Sidek: Show Malays are still behind PAP

Former senior minister of state Sidek Saniff spoke at last night's rally.
Former senior minister of state Sidek Saniff spoke at last night's rally.ST PHOTO: LAU FOOK KONG

The People's Action Party (PAP) last night brought to life its pledge of multiculturalism at its first rally of this general election.

Its nine speakers reflected Singapore's diversity as they took the stage in the Tanjong Pagar homeground of founding Prime Minister Lee Kuan Yew, who had from Singapore's early years sought to unite the different races.

They spoke in the four official languages, threw in a smattering of dialect and looked back on the nation's progress as one united people.

Pioneer generation leader Sidek Saniff recounted Mr Lee's efforts to rally the different races living together in an uncertain new nation.

"We merged because of communism, we split because of communalism," said Mr Sidek, 77, a former senior minister of state, in Malay.

Mr Lee, he recalled, sought to allay the fears of the Malays, still anxious over the abrupt split from Malaysia, where they had been the majority race. "(Mr Lee) said, 'This is not a Malay nation, this is not a Chinese nation, this is not an Indian nation'," said Mr Sidek.

"We are Singaporeans."

Mr Sidek said that to bind the fledgling nation together, Mr Lee decided that the different communities would live together, respecting one another.

And Mr Lee's efforts paid off, said Mr Sidek.

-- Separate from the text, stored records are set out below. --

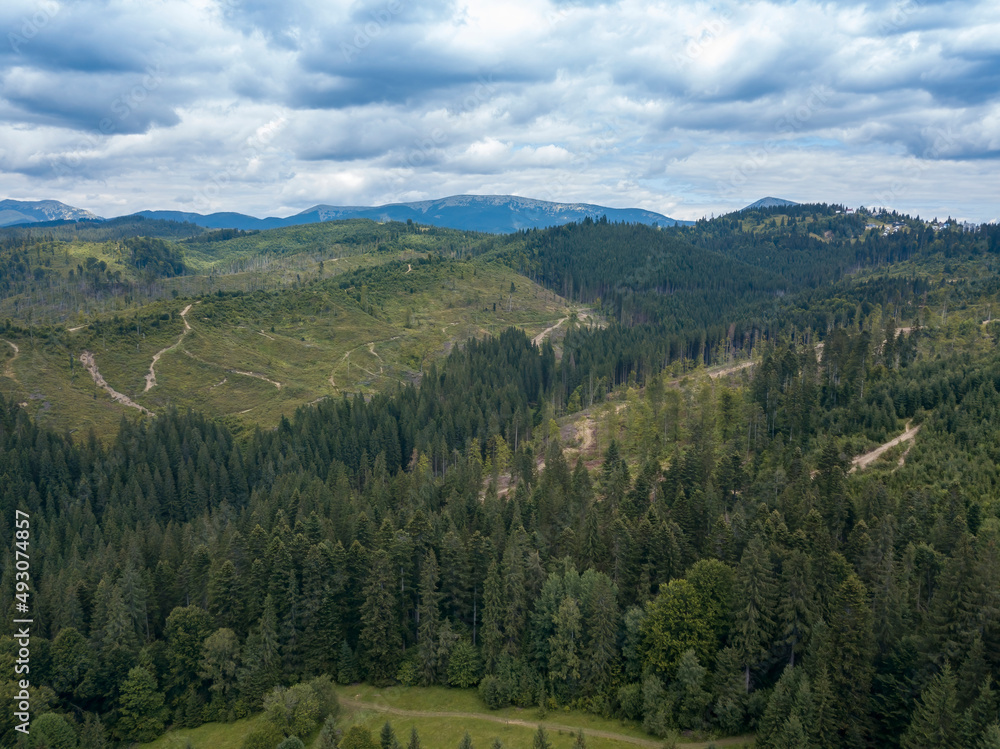 Green mountains of Ukrainian Carpathians in summer. Coniferous trees on the slopes. Aerial drone view. Green mountains of Ukrainian Carpathians in summer. Coniferous trees on the slopes. Aerial drone view.
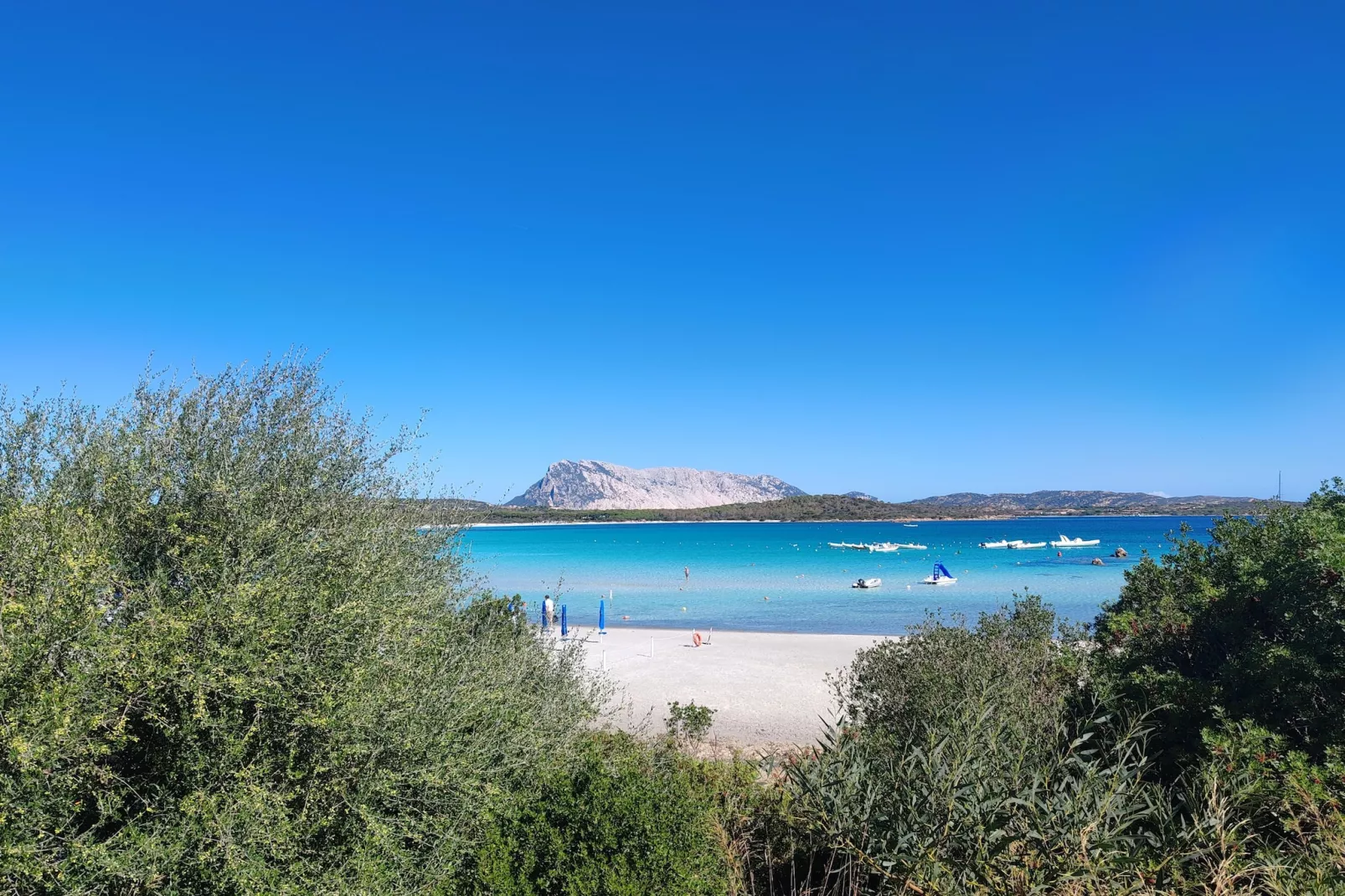Residenza L'Oasi-Gebieden zomer 20km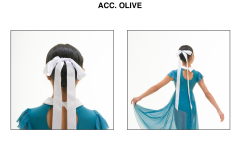 ACC.-OLIVE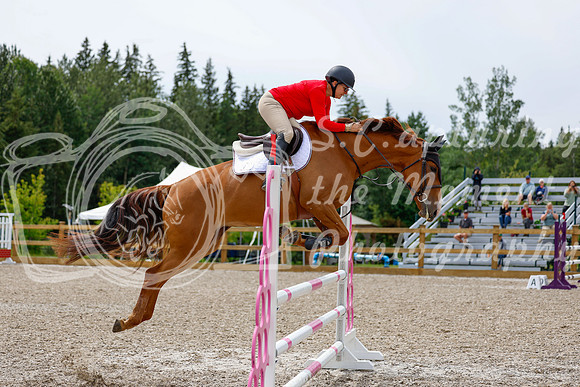 2025 - Haylee - Picco Horse Show - Friay July 25th 03307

The Malay community cast their lot with Singapore, even as then Malaysian Prime Minister Tunku Abdul Rahman offered them the right to settle in Malaysia.

And when elections came, the Malays then supported the PAP and have been doing so till today, said Mr Sidek.

"This is an important phase. We must show that the Malays are still behind the PAP," he said.

This multiracialism will continue to be important. Prime Minister Lee Hsien Loong noted in Malay: "To continue to succeed, we need a multiracial team of leaders who are capable and trustworthy."

Mr Chan Chun Sing, anchor minister for Tanjong Pagar GRC, switched easily between Malay, Mandarin and English when he took the stage. "Tanjong Pagar GRC was built by our founding Prime Minister and our pioneer generation," he said. "As descendants, we must build upon this foundation for a better Singapore."